ACTIVITY » Your copy should hold only the lines from the one with "615 Shah Avenue" to the one with "Holiday Inn Express", both included, each exactly as it stands below, with no pictures.

PROVIDED INFORMATION »
——————

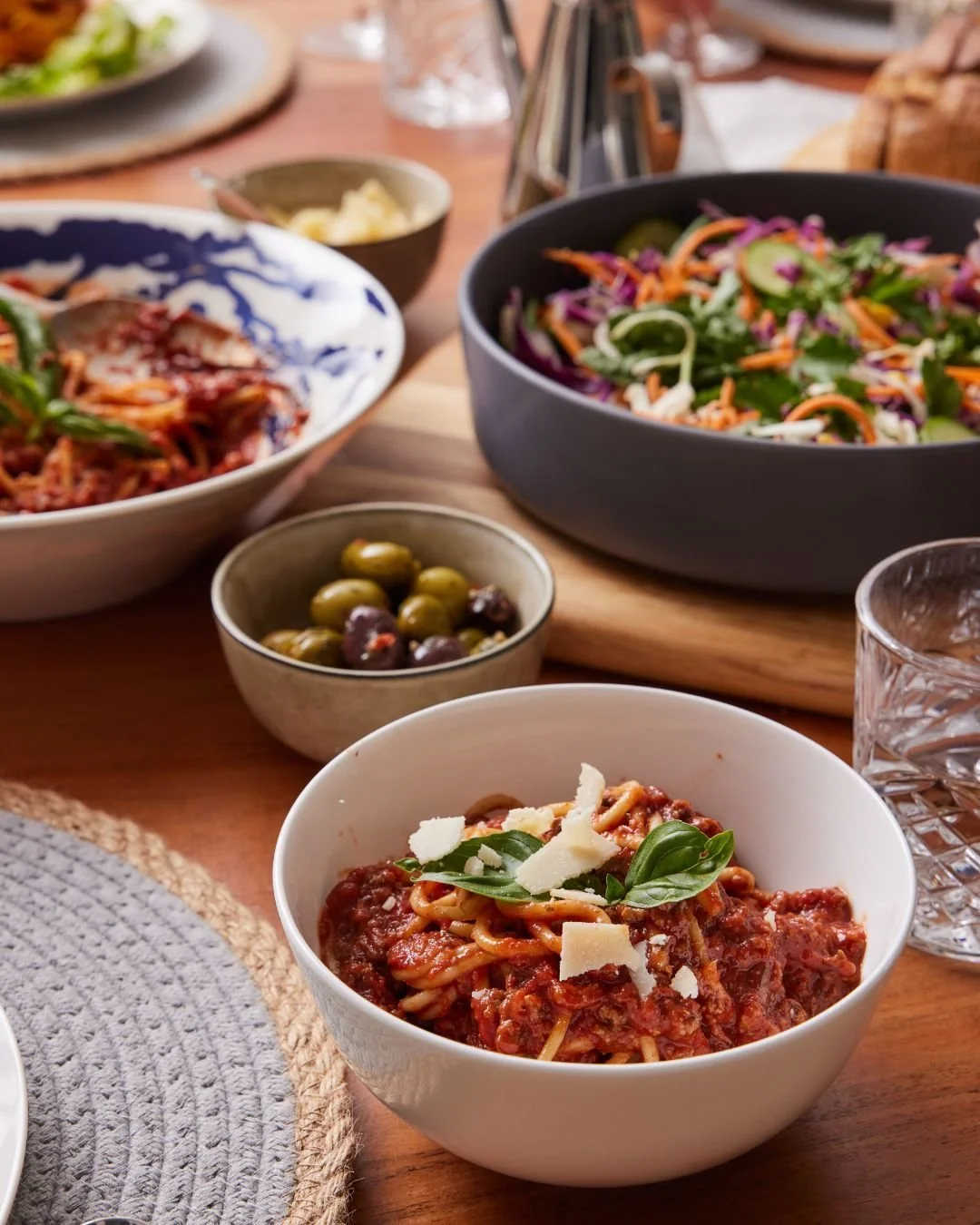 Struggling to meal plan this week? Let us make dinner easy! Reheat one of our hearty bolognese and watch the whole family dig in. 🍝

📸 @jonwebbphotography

——————

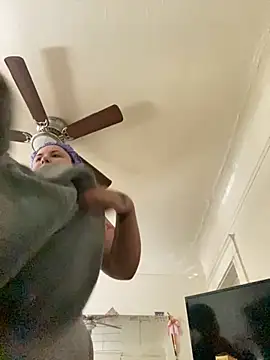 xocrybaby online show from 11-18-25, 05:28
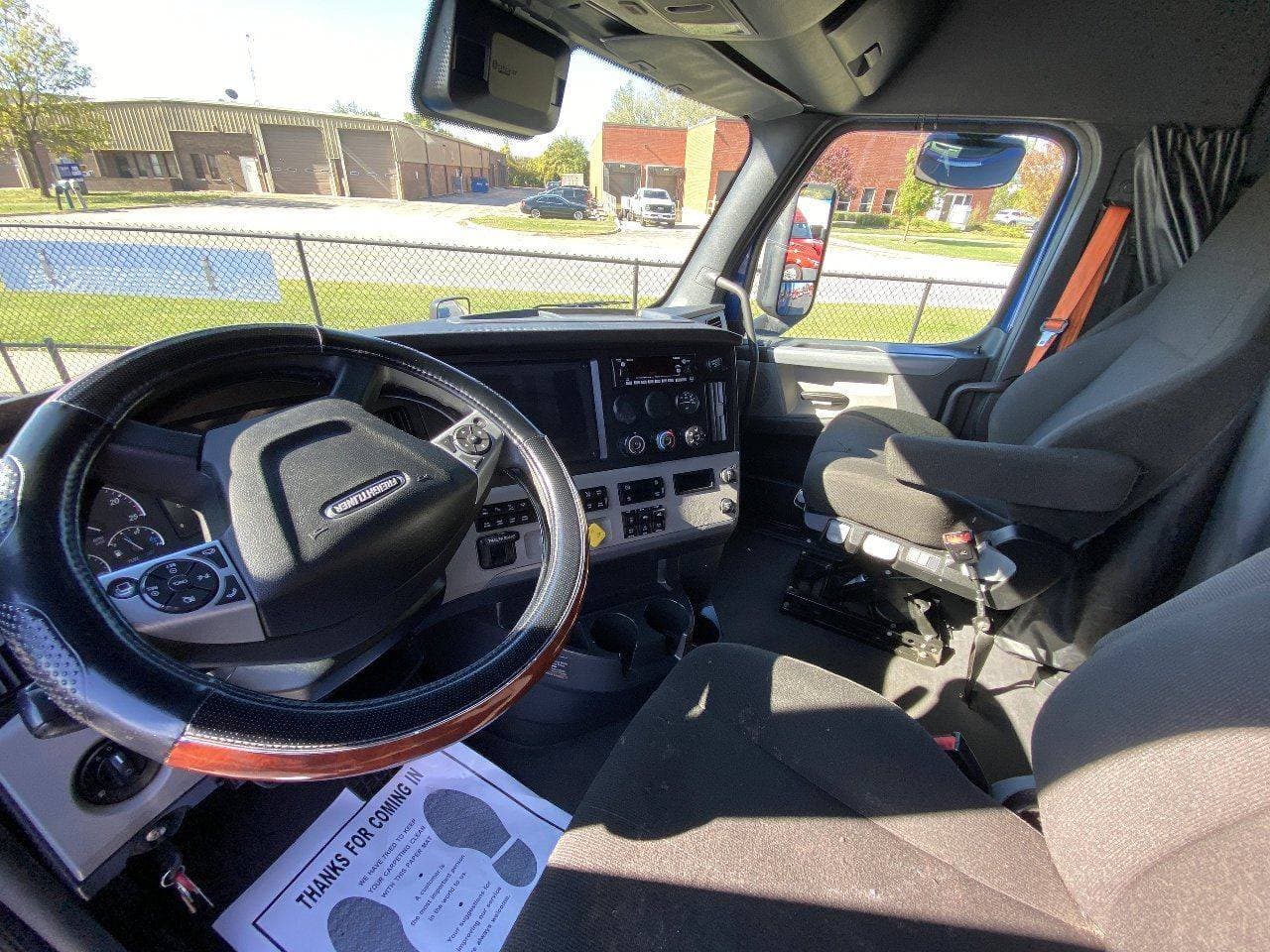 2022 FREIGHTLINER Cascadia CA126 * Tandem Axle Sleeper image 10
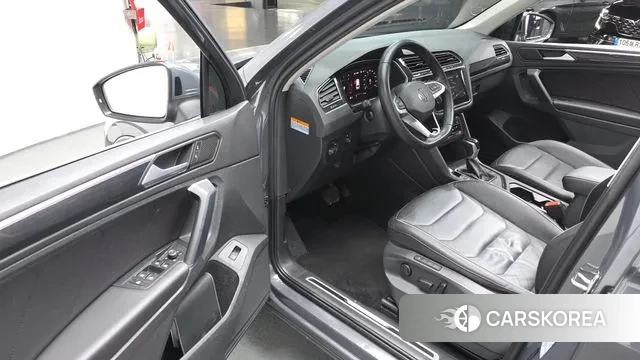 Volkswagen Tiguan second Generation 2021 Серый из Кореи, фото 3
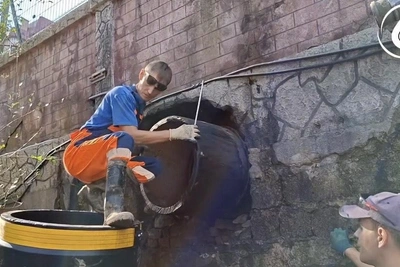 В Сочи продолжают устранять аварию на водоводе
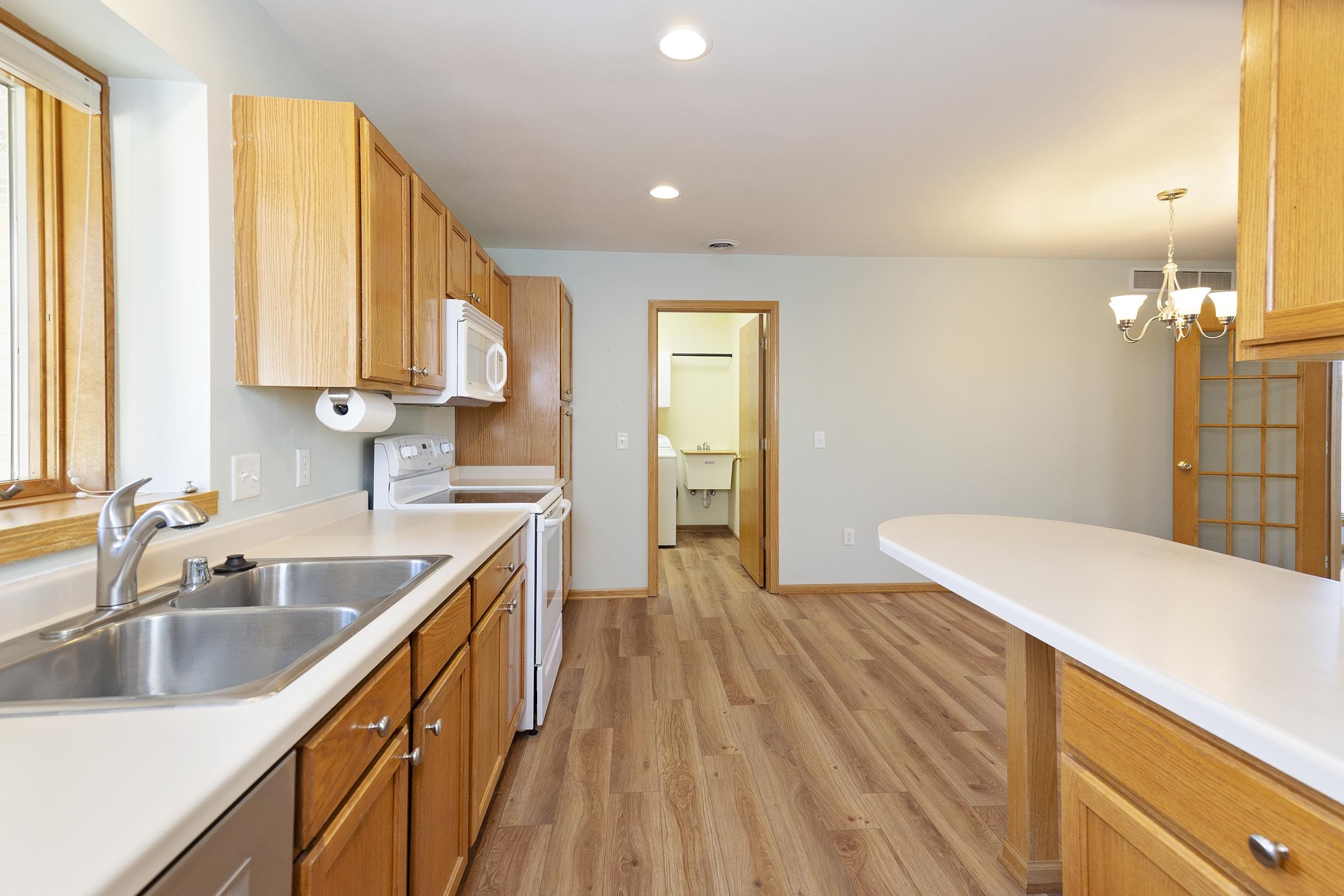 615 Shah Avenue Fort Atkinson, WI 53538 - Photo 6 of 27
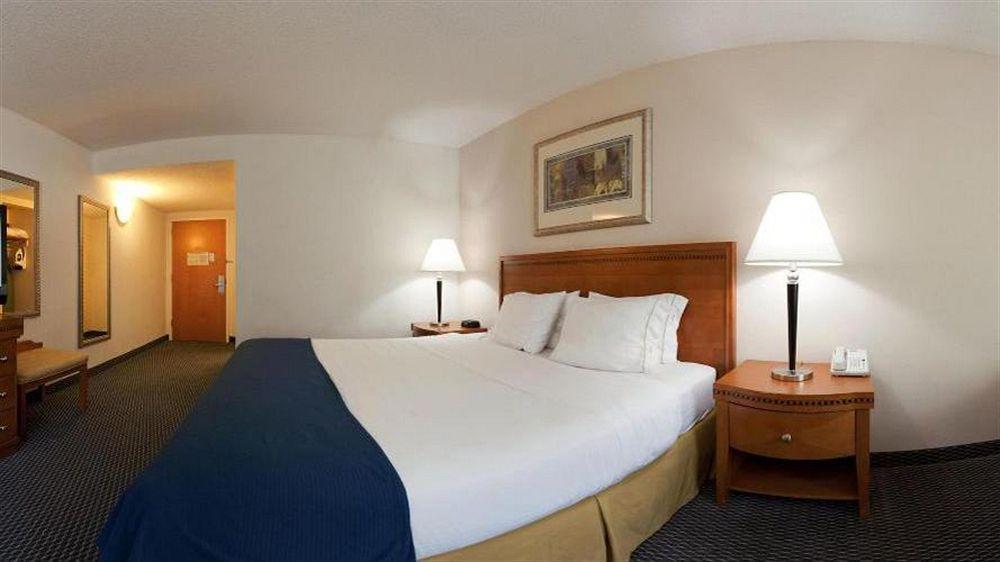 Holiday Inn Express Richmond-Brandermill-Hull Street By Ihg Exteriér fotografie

——————

TASK OUTPUT »
 615 Shah Avenue Fort Atkinson, WI 53538 - Photo 6 of 27
 Holiday Inn Express Richmond-Brandermill-Hull Street By Ihg Exteriér fotografie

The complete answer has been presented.